__What you will do__
Within the records below, reproduce without change the lines from the line that has "Welcome to AminAcademy.com." through the line that has "Once DBAC has", and only those.

__Data extracts__
★ ★ ★ ★ ★
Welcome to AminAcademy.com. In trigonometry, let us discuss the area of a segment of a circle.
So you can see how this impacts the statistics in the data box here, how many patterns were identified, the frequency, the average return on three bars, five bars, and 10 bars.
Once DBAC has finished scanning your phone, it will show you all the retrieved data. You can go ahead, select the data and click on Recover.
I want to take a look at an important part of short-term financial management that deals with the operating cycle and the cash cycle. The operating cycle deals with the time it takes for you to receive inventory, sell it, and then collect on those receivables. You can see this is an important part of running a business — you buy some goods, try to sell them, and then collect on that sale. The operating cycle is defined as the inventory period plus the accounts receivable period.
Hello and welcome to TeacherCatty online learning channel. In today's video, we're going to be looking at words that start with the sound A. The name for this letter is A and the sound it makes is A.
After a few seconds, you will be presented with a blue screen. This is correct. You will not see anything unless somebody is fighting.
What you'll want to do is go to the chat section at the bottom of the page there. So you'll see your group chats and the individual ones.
★ ★ ★ ★ ★
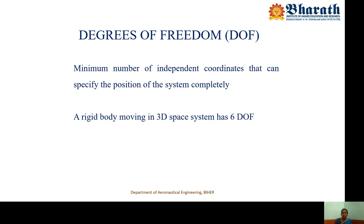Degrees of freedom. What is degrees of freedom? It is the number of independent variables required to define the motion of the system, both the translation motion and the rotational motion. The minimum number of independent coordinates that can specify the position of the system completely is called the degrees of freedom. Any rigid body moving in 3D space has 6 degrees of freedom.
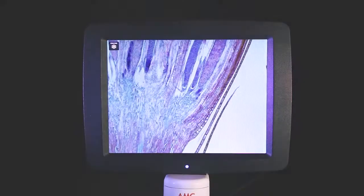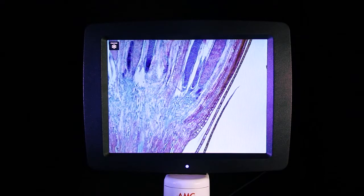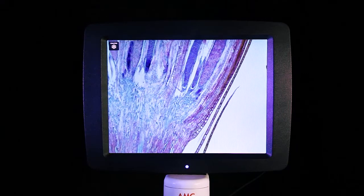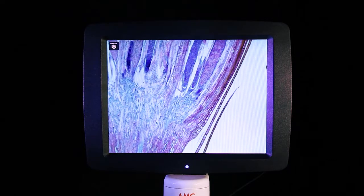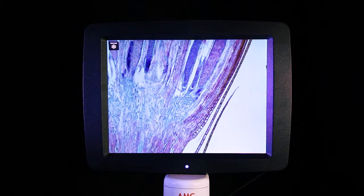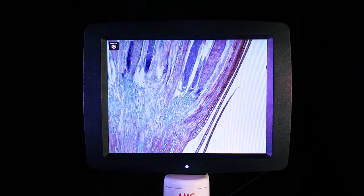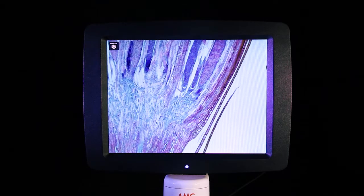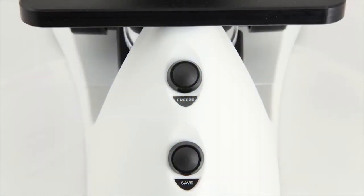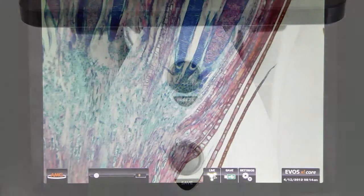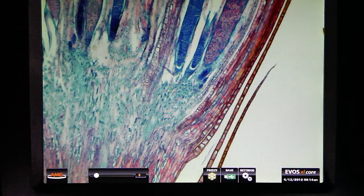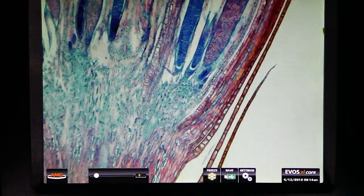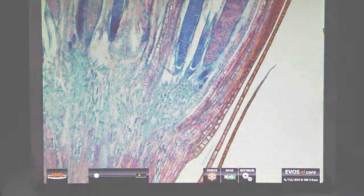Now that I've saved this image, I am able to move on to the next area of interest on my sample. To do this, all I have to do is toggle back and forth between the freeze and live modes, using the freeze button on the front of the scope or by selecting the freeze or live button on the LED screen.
★ ★ ★ ★ ★
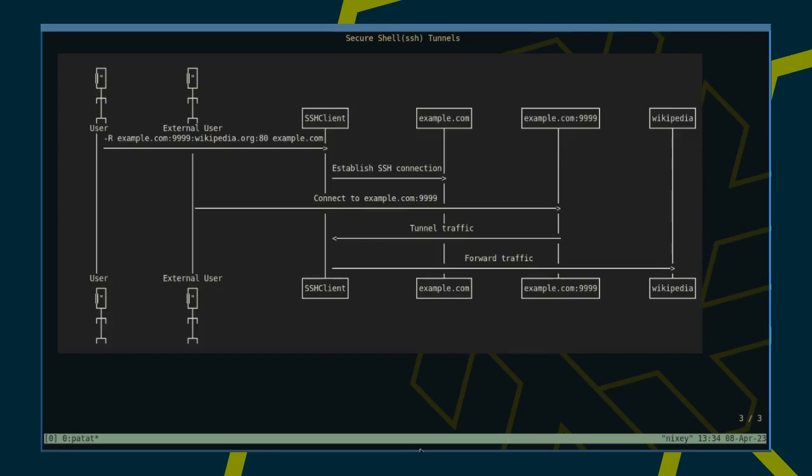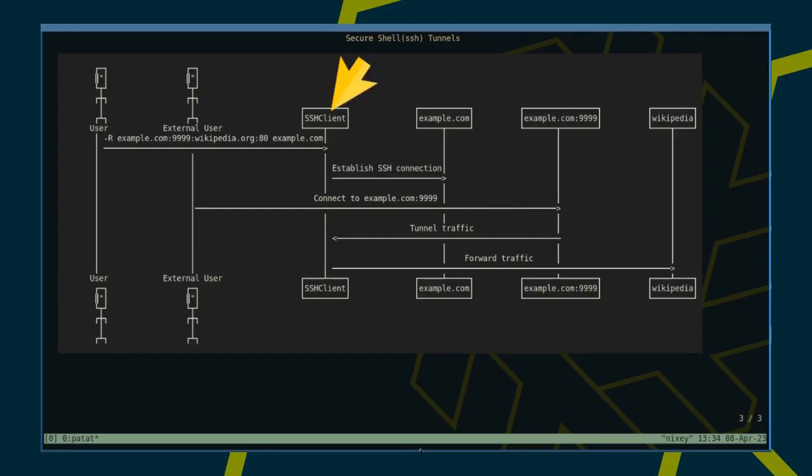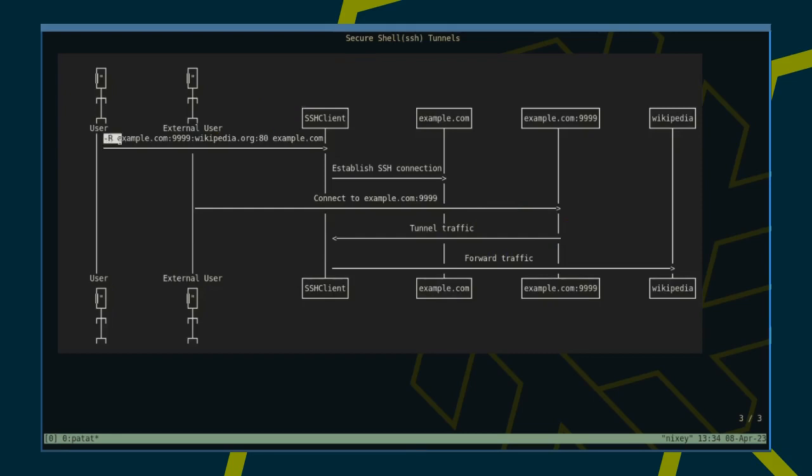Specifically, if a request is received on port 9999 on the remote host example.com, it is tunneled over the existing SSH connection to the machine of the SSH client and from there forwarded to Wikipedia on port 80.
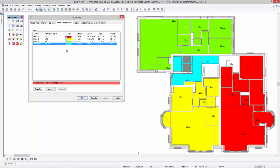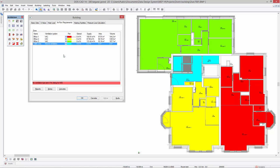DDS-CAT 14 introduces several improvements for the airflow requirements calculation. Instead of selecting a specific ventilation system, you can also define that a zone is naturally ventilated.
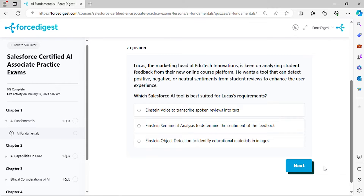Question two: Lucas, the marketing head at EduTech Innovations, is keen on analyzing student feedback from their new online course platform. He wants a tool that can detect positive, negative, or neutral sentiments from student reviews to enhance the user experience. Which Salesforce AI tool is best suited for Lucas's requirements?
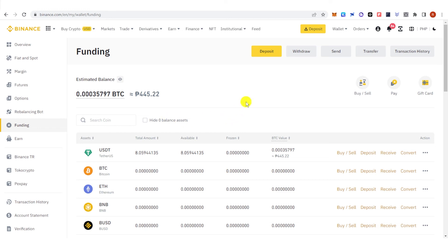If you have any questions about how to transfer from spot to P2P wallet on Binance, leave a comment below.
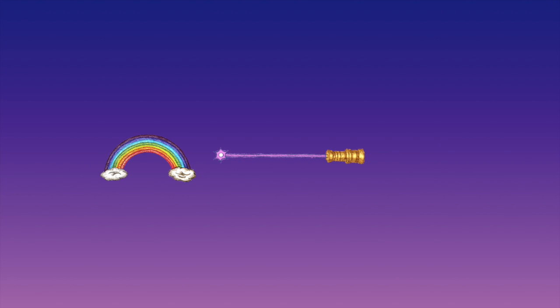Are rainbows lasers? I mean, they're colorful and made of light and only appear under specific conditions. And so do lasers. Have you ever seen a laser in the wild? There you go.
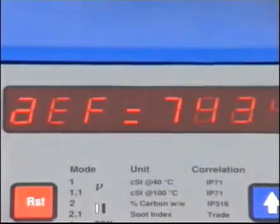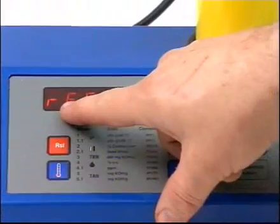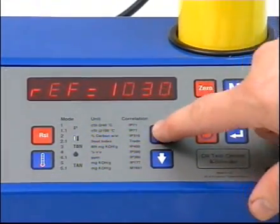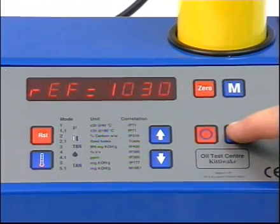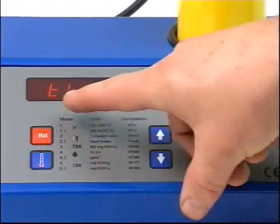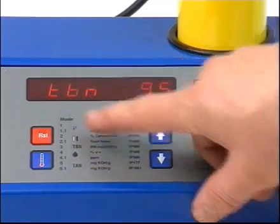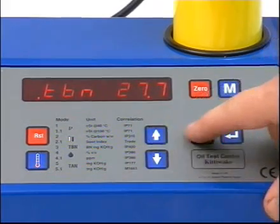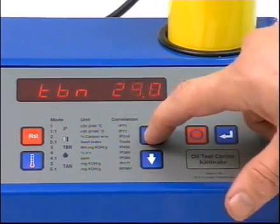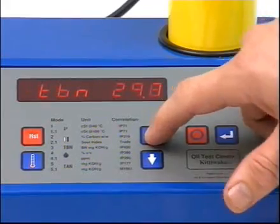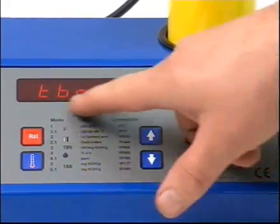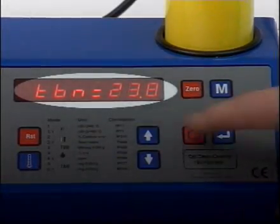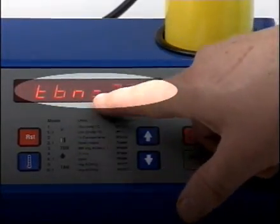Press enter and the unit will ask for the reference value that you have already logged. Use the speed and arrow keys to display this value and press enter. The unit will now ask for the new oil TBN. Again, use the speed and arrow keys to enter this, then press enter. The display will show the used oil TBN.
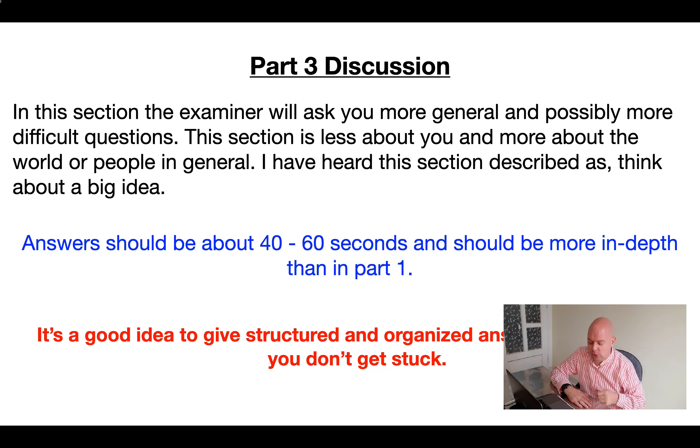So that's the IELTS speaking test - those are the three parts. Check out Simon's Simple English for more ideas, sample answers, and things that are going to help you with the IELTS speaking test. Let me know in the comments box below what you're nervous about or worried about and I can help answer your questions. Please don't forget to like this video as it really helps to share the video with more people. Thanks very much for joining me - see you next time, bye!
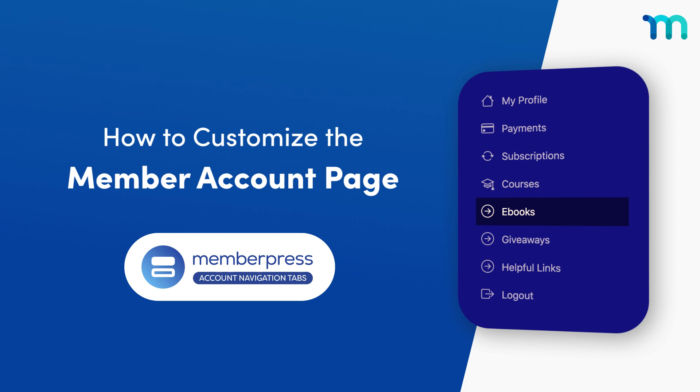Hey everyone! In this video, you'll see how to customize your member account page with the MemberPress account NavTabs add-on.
★ ★ ★ ★ ★
__Solution to this problem__
Welcome to AminAcademy.com. In trigonometry, let us discuss the area of a segment of a circle.
So you can see how this impacts the statistics in the data box here, how many patterns were identified, the frequency, the average return on three bars, five bars, and 10 bars.
Once DBAC has finished scanning your phone, it will show you all the retrieved data. You can go ahead, select the data and click on Recover.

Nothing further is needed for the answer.